July 18, 2008 at 6:49 am (Bush, Iran, Peace, War, World)

In what can only be described as a breathtaking about face, there are reports that the USA will be establishing limited diplomatic relations with Iran, including sending diplomats to Tehran for the first time in nearly thirty years. The US is also breaking with policy and sending a top diplomat to European talks with Iran. The claim is that we are doing this to show how the USA and Europe are united in their opposition to Iran’s nuclear program, but since the Iranians seem unlikely to agree to our demands at this point, it’s hard to avoid the conclusion that the USA has blinked in our standoff with Iran.

This isn’t getting much attention in the western press, but I think it’s an important development for a number of reasons. The main one being that if this is true and the USA does send diplomats to Iran, it pretty much signals the end of any attack on Iran by the USA or Israel. I mean, unless Bush is pre-positioning hostages to be seized in the event of hostilities, I can’t imagine American diplomats in Iran as being anything other than the start to normal relations. We made our peace with communist China and Russia, maybe peace with Iran is now around the corner?

And boy, if I was wrong about an attack on Iran, I’m happy to be wrong. It would certainly prove my oft repeated points about how difficult it is to predict the future, and no matter how much ones knows about a topic, a person’s understanding is always limited. Only the profoundly ignorant think they know all the answers about a complex subject like world affairs and foreign relations.

Aside from celebrating stepping back from the abyss, it’s also very curious trying to understand why Bush has suddenly backed down. Granted maybe these reports are exaggerated, and maybe this is some Machiavellian maneuver to get Iran to drop its guard or set it up for some pretext to attack, but for the sake of argument let’s assume Bush has blinked, and that elations with Iran are going to improve. What could have caused this abrupt change?

One of the possibilities is pictured above.
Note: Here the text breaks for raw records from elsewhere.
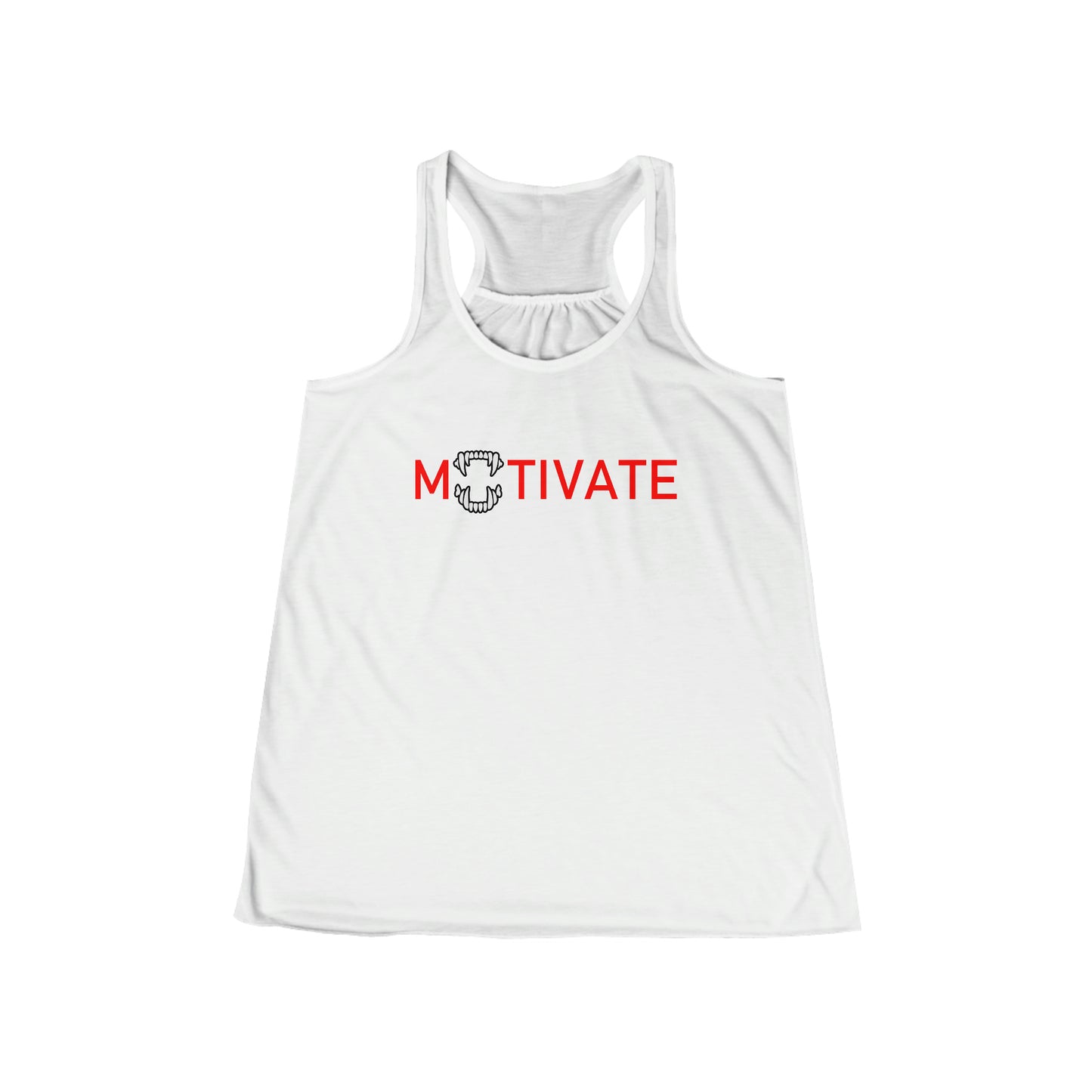 GFWP "Motivate" Women's Flowy Racerback Tank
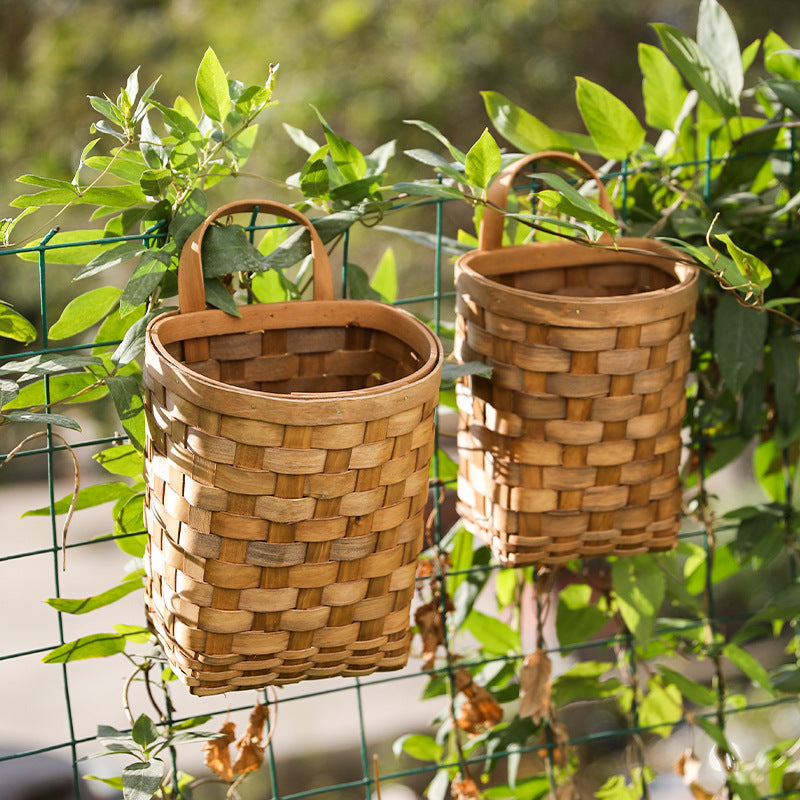 Unisex Handwoven Basket for Stylish Storage Stornfield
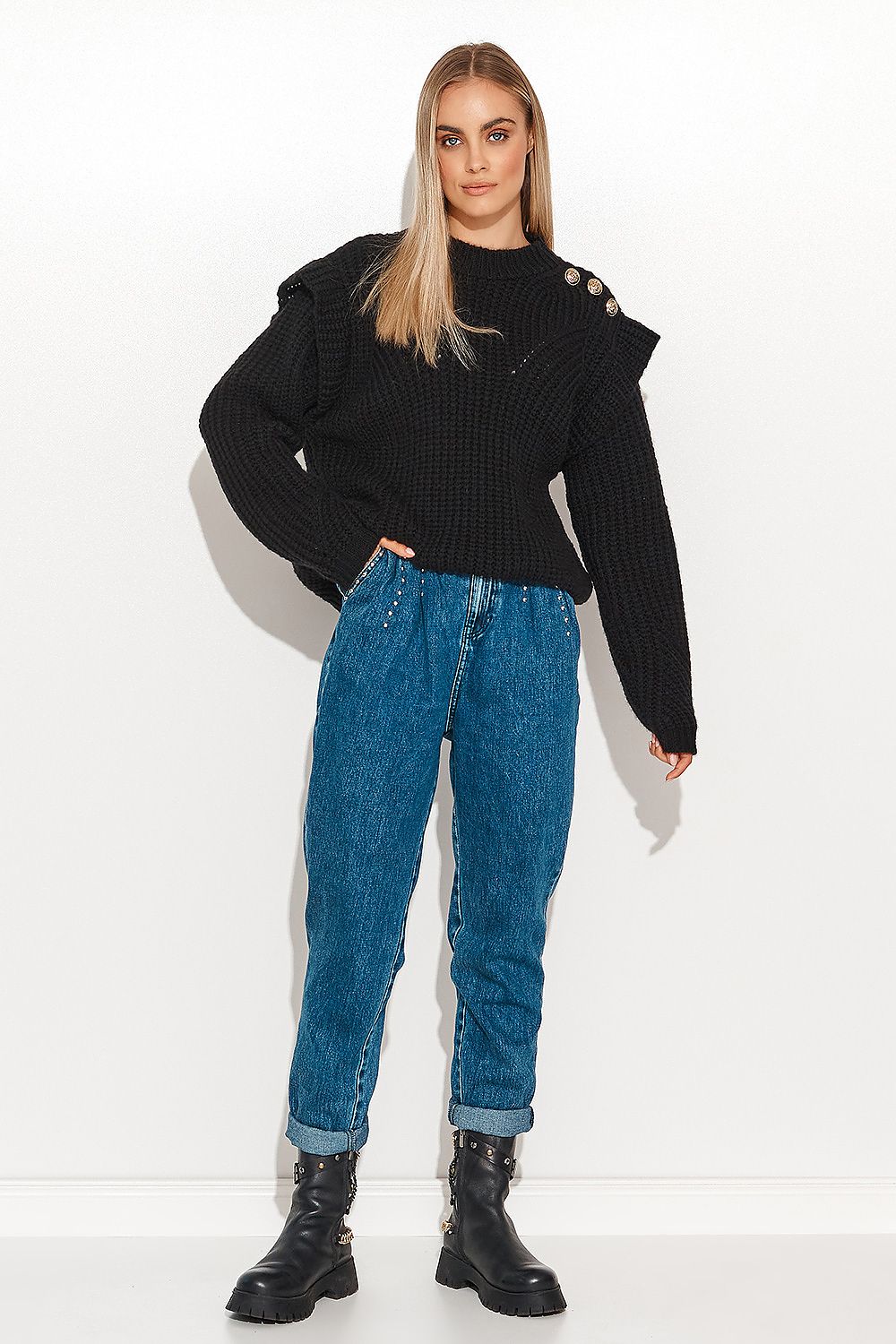 Sweater model 171542 Makadamia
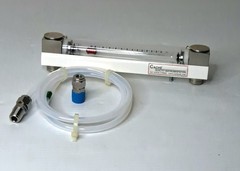 Cache Influx UK Variable Area Flowmeter Nitrogen 2-27 L/min Direct Reading
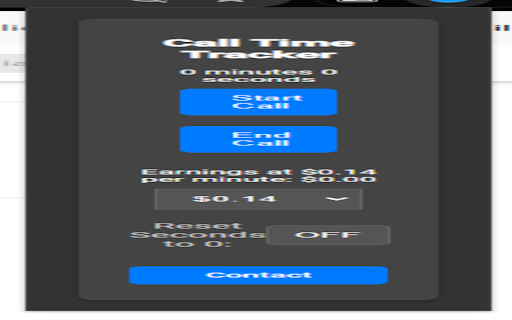 Lsa Minute Counter :: Track minutes and reset to 0 for calls.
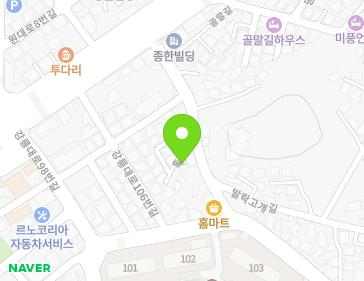 강원특별자치도 강릉시 홍제로 79-5 (홍제동) 지도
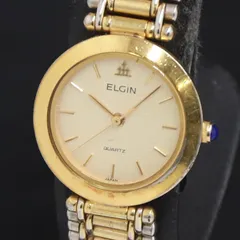 ELGIN 自動巻き 腕時計 ゴールド 156cea6874fb31b16e50c4e6069d06
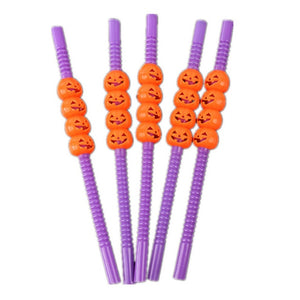 5Pc Halloween Straws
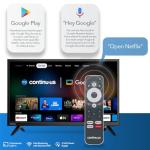 Continuus 24" 12V RV Smart TV with Android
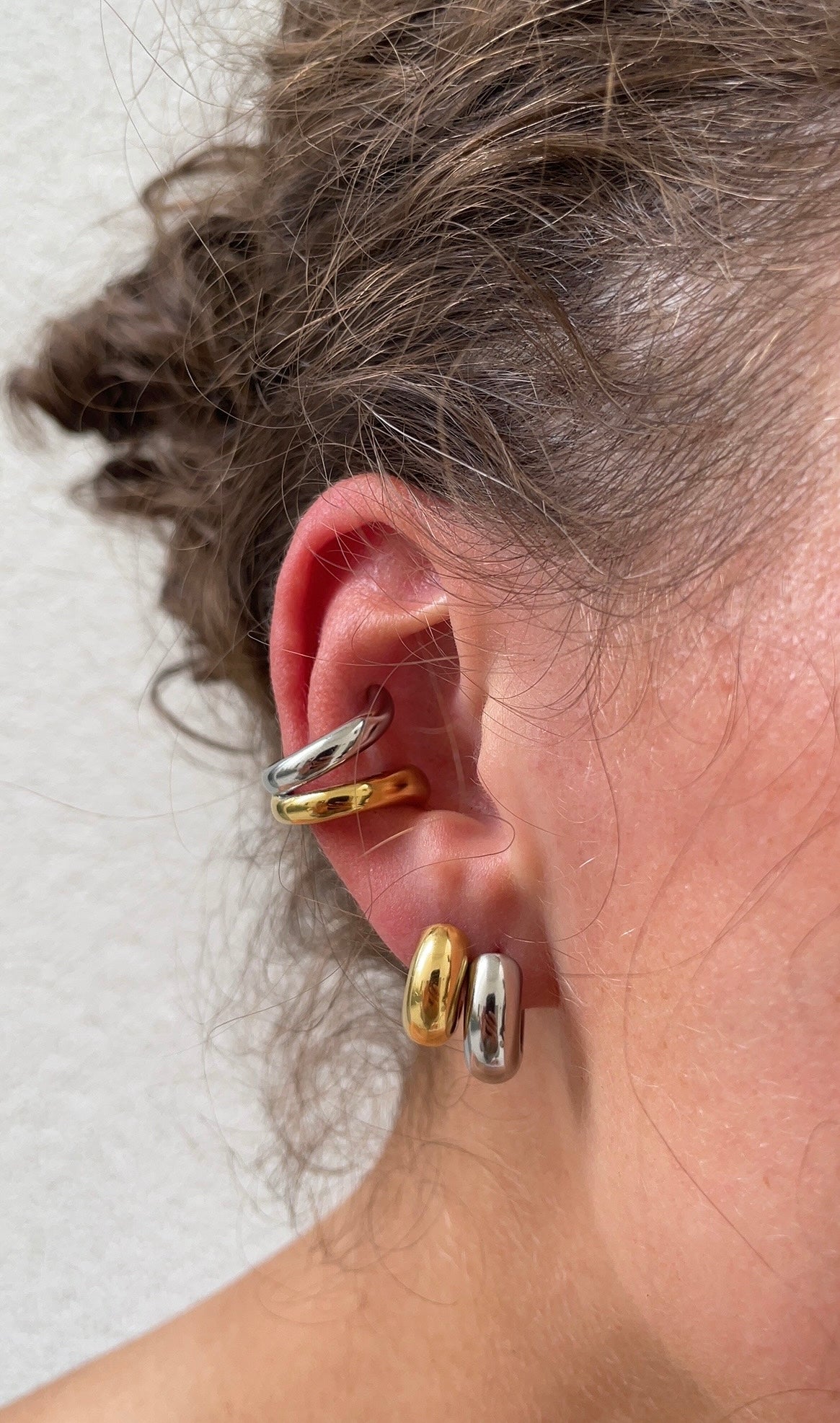Earcuff Double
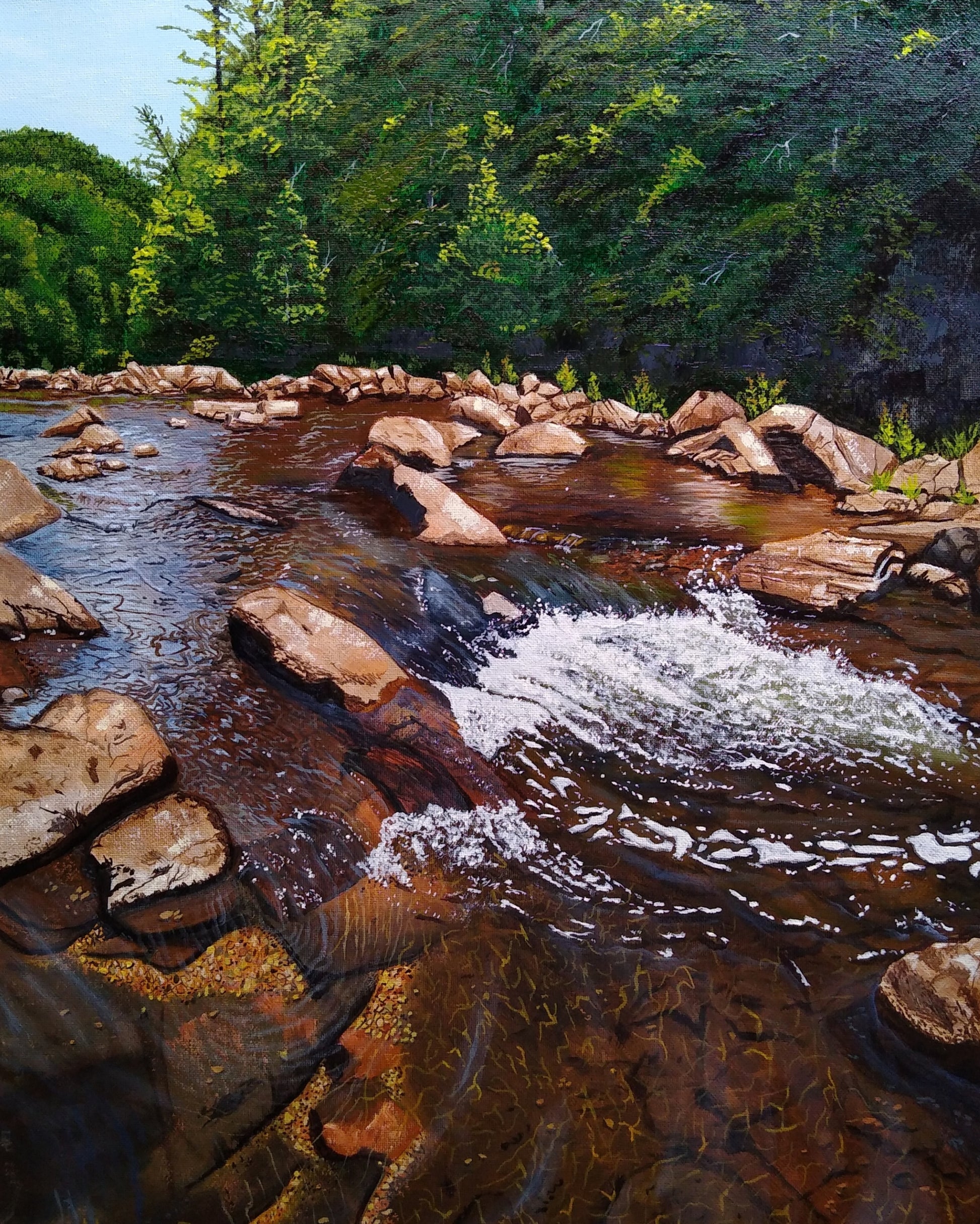Chesterfield_Gorge_painting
Those are reportedly Russian jets now stationed in Armenia, where they act as a deterrent to Turkey…and have been patrolling Iranian airspace at Iran’s request. And Sunday Iran and Russia are signing a comprehensive energy agreement that basically means that Iran will be supplying much of Europe’s natural gas via Russia. The Russians announced some time ago that they would consider an attack on Iran to be an attack on Russia, and they have apparently quietly put their money where their mouth is.

Another possibility is that the rich and powerful may have finally put their foot down and told the Bush administration that there needs to be a diplomatic solution to this problem, because the costs of a war with Iran could be devastating to our already struggling economy. In the final analysis foreign policy is about control of wealth and resources, and national governments usually act in their own selfish interest despite flowery rhetoric about human rights or democracy. I’m not ready for ten dollar a gallon gas, and I’m pretty sure GM isn’t thrilled about the idea either. “What’s good for GM is good for America” may be a truism, but in this case it might be very close to the mark.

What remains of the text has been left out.